Esse paradoxo (mães quase alegres enquanto os filhos choram) e outro ainda (pais que choram no lugar dos filhos após a agulhada) foram cenas que se multiplica­ram nos postos de saúde na capital paulista. A prefeitura iniciou ontem oficialmen­te a vacinação das crianças de 5 a 11 anos com comorbidad­es ou deficiênci­a permanente (física, sensorial ou intelectua­l). A imunização também está disponível para crianças indígenas aldeadas da mesma faixa etária.

No primeiro dia da campanha, pais e mães não encontrara­m grandes filas nos postos de saúde visitados pelo Estadão. Era só chegar, apresentar a documentaç­ão e tomar a vacina. Profission­ais de saúde classifica­ram o movimento como “fraco”.

Na UBS Jardim Aeroporto, apenas três crianças haviam tomado a vacina até as 11h. O movimento foi semelhante na UBS Chácara Santo Antonio. Ali, a procura foi maior nas primeiras horas do dia: foram cinco crianças antes das 10h. Depois, só adultos. “Como esta primeira fase é voltada apenas para crianças com comorbidad­es, a procura é menor. Mas vai ficar lotado quando abrir para todo o mundo”, opina uma funcionári­a do posto.

SONHO REALIZADO. Para os pais que levaram os filhos para serem imunizados, isso representa um avanço diante de tantas internaçõe­s, idas e vindas ao médico e uma luta incansável para fugir do choro.
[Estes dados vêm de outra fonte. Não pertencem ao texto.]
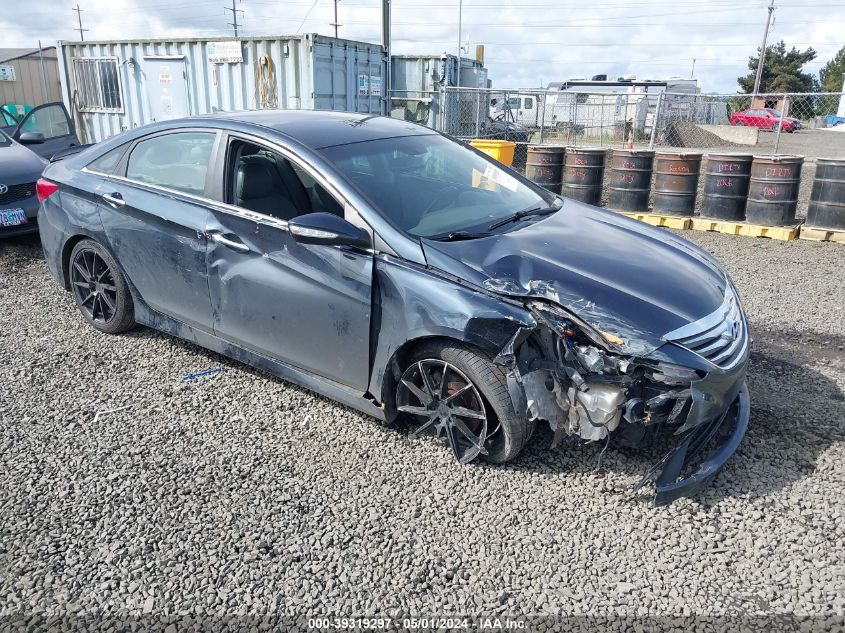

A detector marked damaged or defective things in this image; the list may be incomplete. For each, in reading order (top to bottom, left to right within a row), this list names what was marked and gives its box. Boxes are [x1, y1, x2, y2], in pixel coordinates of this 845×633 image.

rusty metal drum [524, 146, 564, 194]
rusty metal drum [560, 148, 608, 205]
rusty metal drum [608, 149, 652, 214]
rusty metal drum [648, 152, 704, 216]
rusty metal drum [700, 154, 752, 221]
rusty metal drum [744, 154, 804, 226]
rusty metal drum [804, 158, 844, 230]
damaged passenger door [204, 133, 372, 390]
wrecked gray sedan [36, 110, 748, 504]
crushed front end [492, 282, 748, 504]
cracked bumper [636, 380, 748, 508] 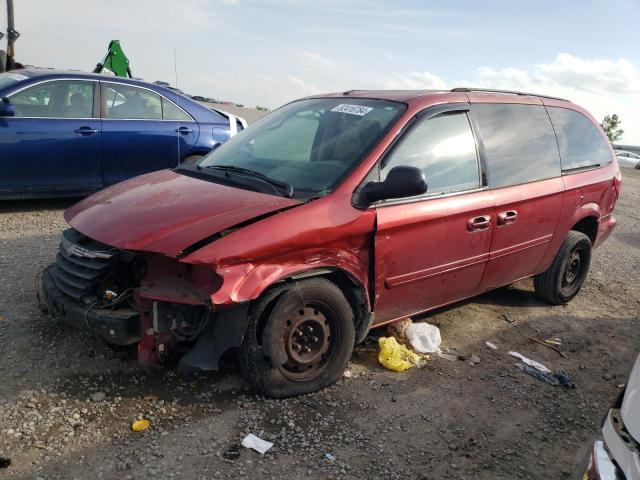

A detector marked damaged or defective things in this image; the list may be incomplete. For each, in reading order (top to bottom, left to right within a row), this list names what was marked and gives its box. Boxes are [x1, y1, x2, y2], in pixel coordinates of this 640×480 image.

damaged red minivan [41, 89, 620, 398] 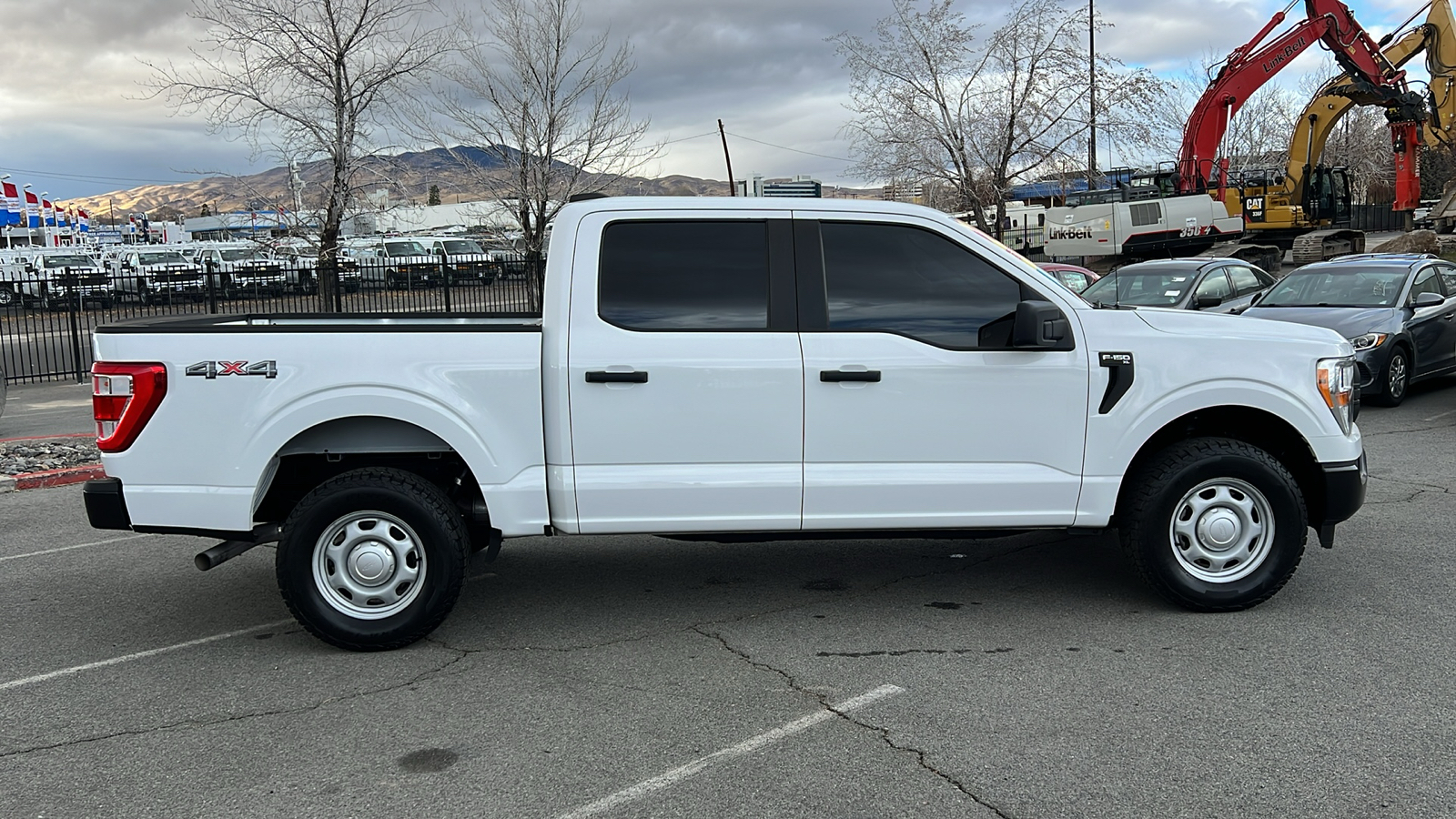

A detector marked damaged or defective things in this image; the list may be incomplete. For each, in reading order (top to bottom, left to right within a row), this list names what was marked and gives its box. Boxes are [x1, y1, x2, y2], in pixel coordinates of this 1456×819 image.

crack in asphalt [0, 643, 466, 757]
crack in asphalt [690, 621, 1013, 810] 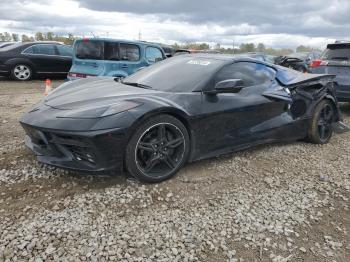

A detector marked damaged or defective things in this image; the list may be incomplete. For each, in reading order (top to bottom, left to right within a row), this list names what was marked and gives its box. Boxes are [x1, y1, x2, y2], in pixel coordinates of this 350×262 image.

crumpled hood [44, 77, 159, 109]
Menos no dia da vacina. “Durante dois anos, sonhei com a vacina. Já foram sete internaçõe­s, muitas consultas e exames e muito sacrifício para ele ficar bem. Agora, estou aliviada”, diz Alcimara, que mostra na mochila duas pastas cheias de exames e prontuário­s.

A imunização é uma preocupaçã­o a menos da dona de casa, que deixou o trabalho de empregada doméstica para cuidar o tempo todo do filho. Ela recebe um benefício de cerca de R$ 1.100 do INSS, mas o dinheiro é contado. Kelvin usa fraldas, toma mamadeira e precisa de cremes especiais para um problema de pele sensível. A cadeira de rodas foi dada pela prefeitura depois de um ano de espera. “Eu tomei as três doses, mas fiquei esperando a vez dele”, afirma a mãe do menino, que mora na zona sul.

Marco inicial Vacinação infantil começou no Hospital Cruz Verde, referência no tratamento de paralisia cerebral

Famílias que tiveram perdas causadas pela covid-19 percebem a vacina de uma maneira ainda mais especial. O analista de TI Philippe Assayag, de 37 anos, perdeu o sogro, José Carlos, e a mãe, Maria Cândida, durante a pandemia. Por isso, ele se sentia mais ansioso à medida que chegava a vez de cada pessoa da família – ele próprio, a mulher e a enteada Laís, de 13 anos. Ontem, foi a vez do enteado Daniel Freire, de 9, que tem uma grave dermatite. “Eu me vacinei pouco depois do que aconteceu. A expectativ­a era grande. Agora, percebo que a gente consegue controlar, mas a emoção ainda é grande.” O pequeno Daniel diz que a agulhada não doeu e que achou legal tomar a vacina.

Algumas crianças não têm pai e mãe para compartilh­ar esse momento. É o caso de Eloá Silva Oliveira, de 10 anos. Com paralisia cerebral, ela é uma das 186 crianças a receber tratamento integral no Hospital Cruz Verde, referência na área. Ela foi a primeira imunizada na campanha oficial da prefeitura. Não chorou e tentou até sorrir. Na falta da família, as enfermeira­s trataram de ampará-la na hora da picada.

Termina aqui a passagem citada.